• _Task statement_
Beginning with the line containing "Photo of property" and ending with the line containing "JUNIORS baby changing", write out each line of the records below exactly; pictures and lines outside that range are left out.

• _Given entries_
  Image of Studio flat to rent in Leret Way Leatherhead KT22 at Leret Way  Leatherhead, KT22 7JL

* * *

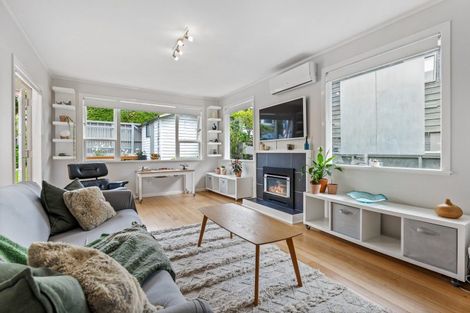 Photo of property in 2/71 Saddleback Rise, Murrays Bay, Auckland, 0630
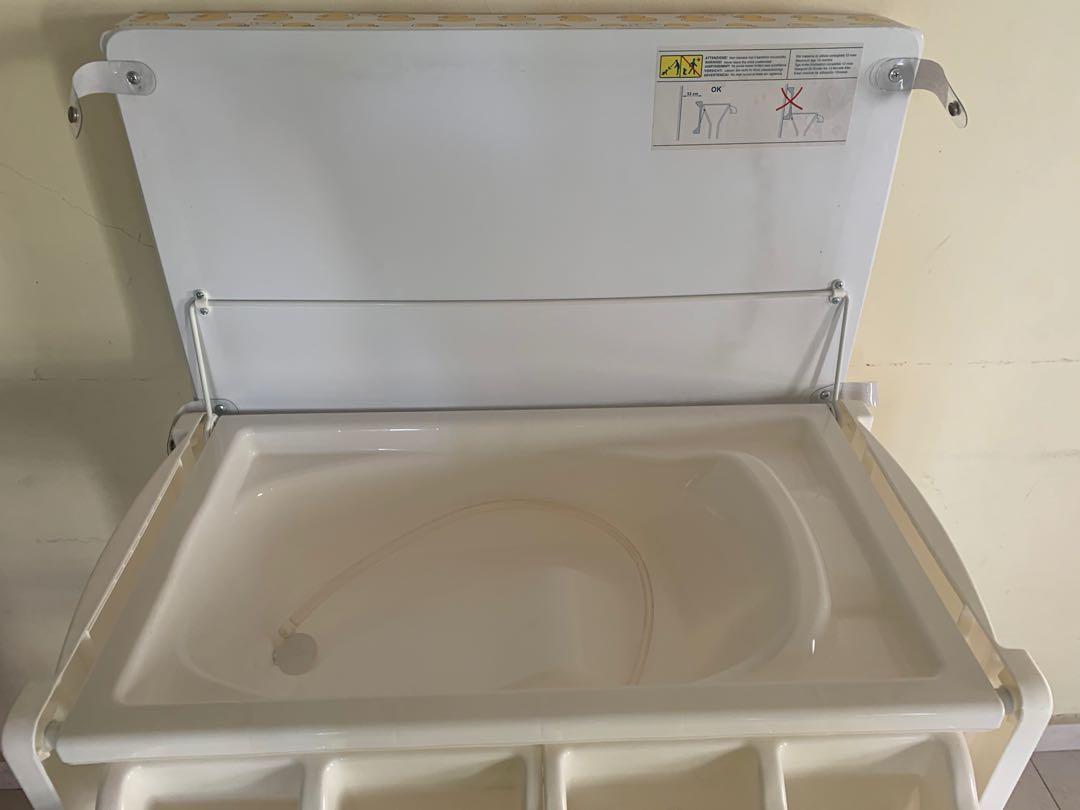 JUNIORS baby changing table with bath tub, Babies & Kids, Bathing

• _Completed task_
 Photo of property in 2/71 Saddleback Rise, Murrays Bay, Auckland, 0630
 JUNIORS baby changing table with bath tub, Babies & Kids, Bathing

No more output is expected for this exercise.